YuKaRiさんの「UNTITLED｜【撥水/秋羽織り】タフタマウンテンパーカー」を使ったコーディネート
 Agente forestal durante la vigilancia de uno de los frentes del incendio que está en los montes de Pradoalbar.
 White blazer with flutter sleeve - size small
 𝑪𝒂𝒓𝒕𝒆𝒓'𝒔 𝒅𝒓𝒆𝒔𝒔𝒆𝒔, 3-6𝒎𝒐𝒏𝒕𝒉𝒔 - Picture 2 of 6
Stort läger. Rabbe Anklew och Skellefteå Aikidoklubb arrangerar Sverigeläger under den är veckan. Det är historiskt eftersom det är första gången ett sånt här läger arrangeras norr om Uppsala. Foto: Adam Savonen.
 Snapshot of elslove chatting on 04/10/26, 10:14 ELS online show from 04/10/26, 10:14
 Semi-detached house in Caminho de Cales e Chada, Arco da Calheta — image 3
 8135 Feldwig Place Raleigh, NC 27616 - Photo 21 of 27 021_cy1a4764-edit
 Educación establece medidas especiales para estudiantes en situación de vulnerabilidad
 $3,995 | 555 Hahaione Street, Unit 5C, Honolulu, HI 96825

=-=-=-=-=

EXERCISE DIRECTIONS: Using the records above, write out exactly the lines between the one holding "𝑪𝒂𝒓𝒕𝒆𝒓'𝒔 𝒅𝒓𝒆𝒔𝒔𝒆𝒔, 3-6𝒎𝒐𝒏𝒕𝒉𝒔 - Picture 2 of 6" and the one holding "8135 Feldwig Place", inclusive; leave everything else out.

RESPONSE TO THE TASK:
 𝑪𝒂𝒓𝒕𝒆𝒓'𝒔 𝒅𝒓𝒆𝒔𝒔𝒆𝒔, 3-6𝒎𝒐𝒏𝒕𝒉𝒔 - Picture 2 of 6
Stort läger. Rabbe Anklew och Skellefteå Aikidoklubb arrangerar Sverigeläger under den är veckan. Det är historiskt eftersom det är första gången ett sånt här läger arrangeras norr om Uppsala. Foto: Adam Savonen.
 Snapshot of elslove chatting on 04/10/26, 10:14 ELS online show from 04/10/26, 10:14
 Semi-detached house in Caminho de Cales e Chada, Arco da Calheta — image 3
 8135 Feldwig Place Raleigh, NC 27616 - Photo 21 of 27 021_cy1a4764-edit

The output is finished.